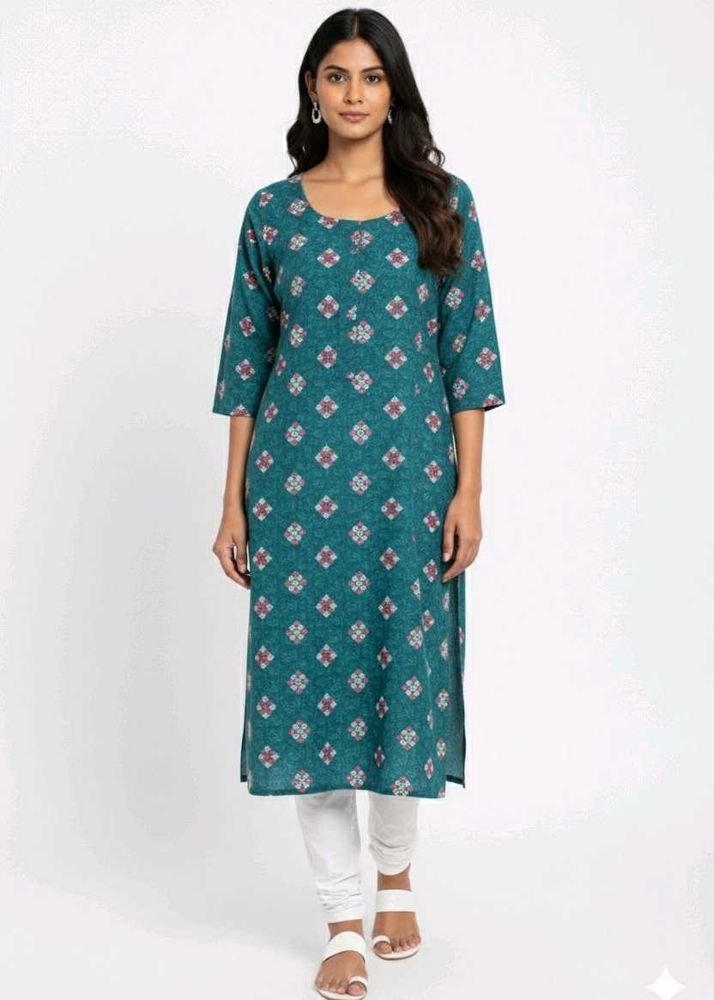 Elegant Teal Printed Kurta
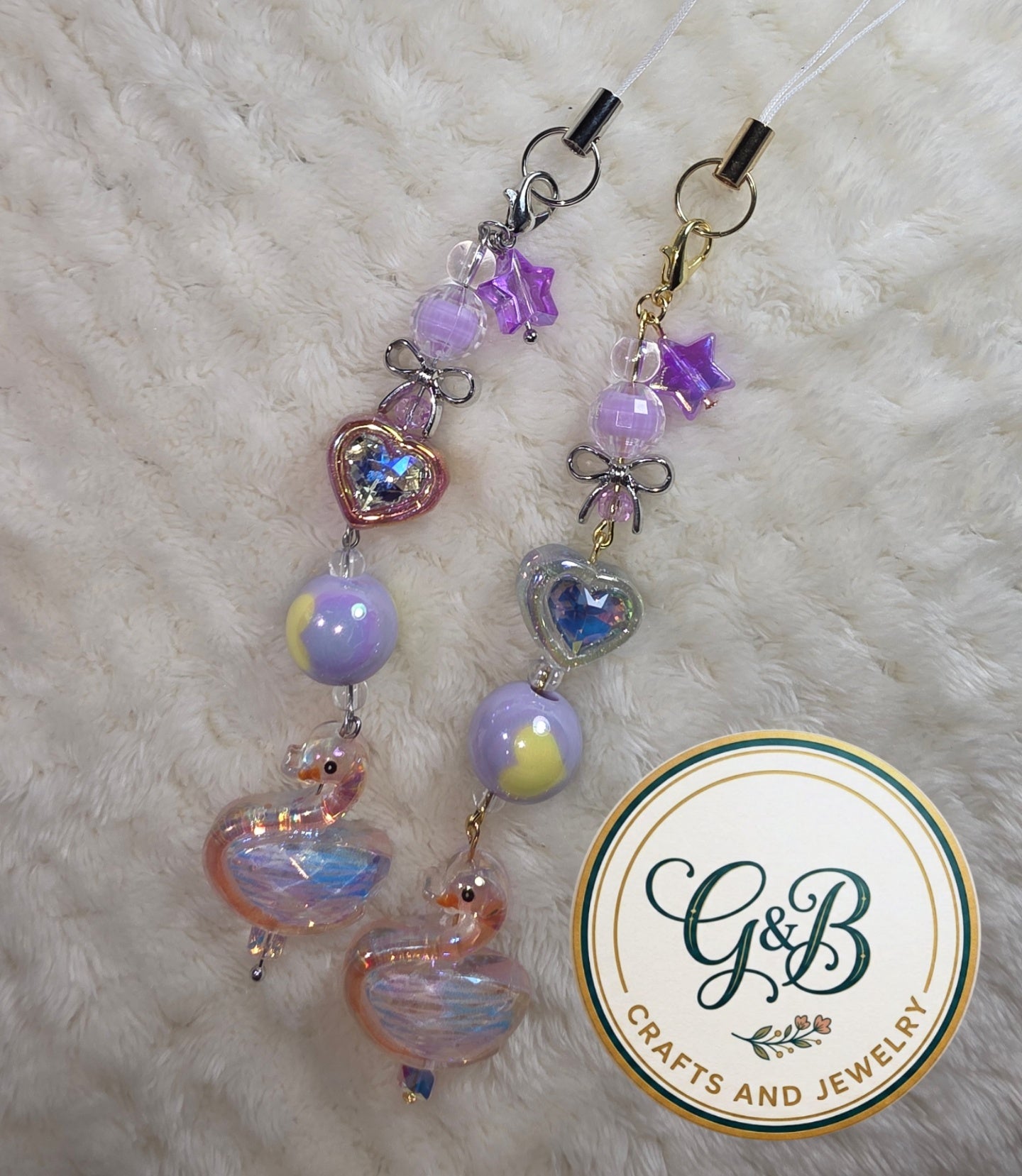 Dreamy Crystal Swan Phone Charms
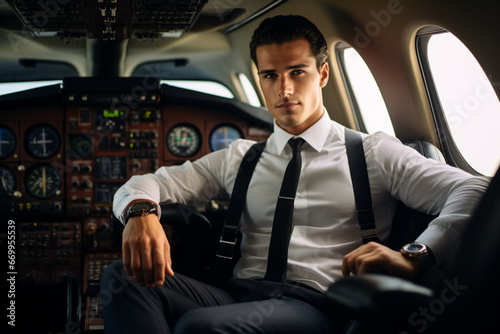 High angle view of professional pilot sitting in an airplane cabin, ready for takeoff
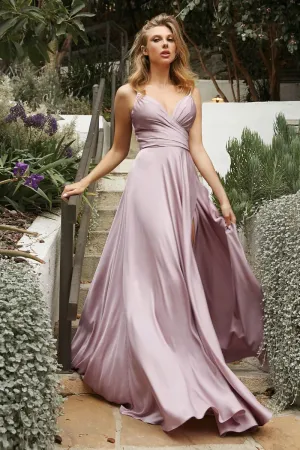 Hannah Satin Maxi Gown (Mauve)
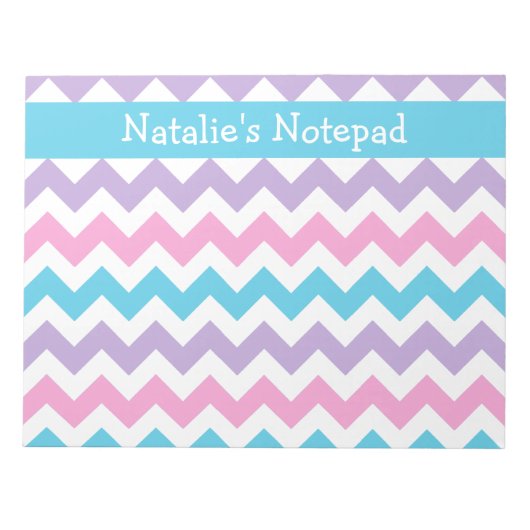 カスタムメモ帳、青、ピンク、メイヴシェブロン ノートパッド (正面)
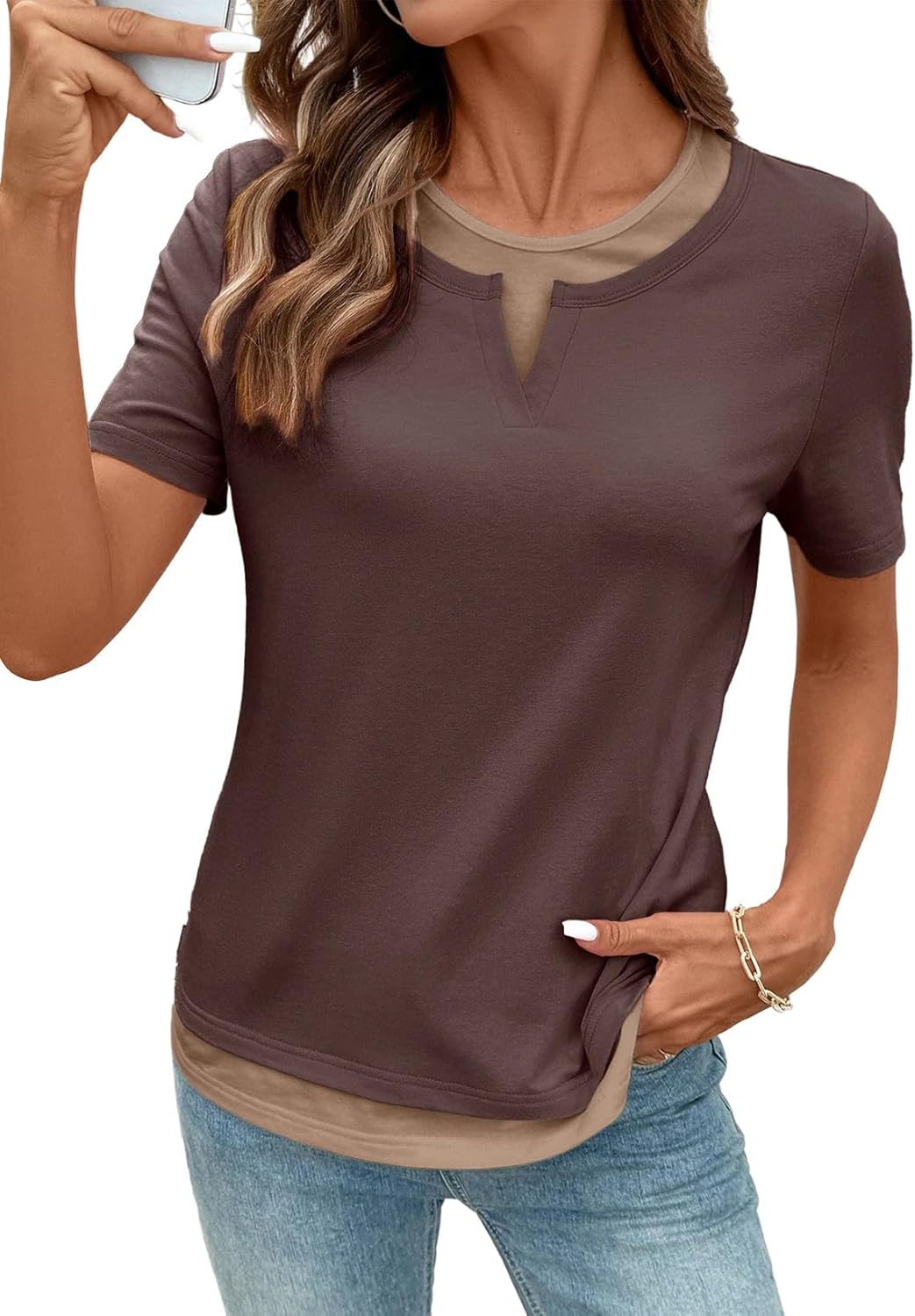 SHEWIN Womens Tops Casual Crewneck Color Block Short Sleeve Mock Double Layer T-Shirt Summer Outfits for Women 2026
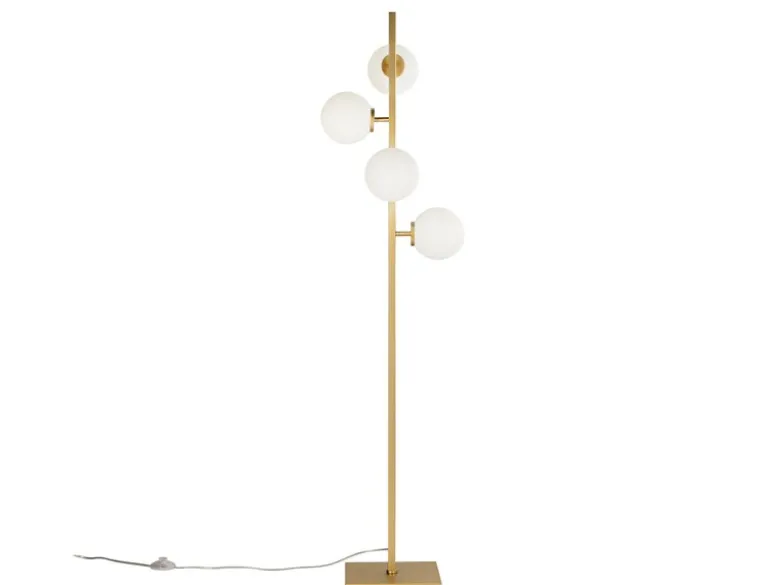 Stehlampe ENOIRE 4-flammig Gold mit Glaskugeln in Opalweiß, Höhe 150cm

◆ ◆ ◆

* YOUR INSTRUCTIONS:
Your copy should hold exactly the lines from the one that contains "High angle view" through the final line of the data, both ends included, and no pictures.

* SOLUTION FOR THIS PROBLEM:
 High angle view of professional pilot sitting in an airplane cabin, ready for takeoff
 Hannah Satin Maxi Gown (Mauve)
 カスタムメモ帳、青、ピンク、メイヴシェブロン ノートパッド (正面)
 SHEWIN Womens Tops Casual Crewneck Color Block Short Sleeve Mock Double Layer T-Shirt Summer Outfits for Women 2026
 Stehlampe ENOIRE 4-flammig Gold mit Glaskugeln in Opalweiß, Höhe 150cm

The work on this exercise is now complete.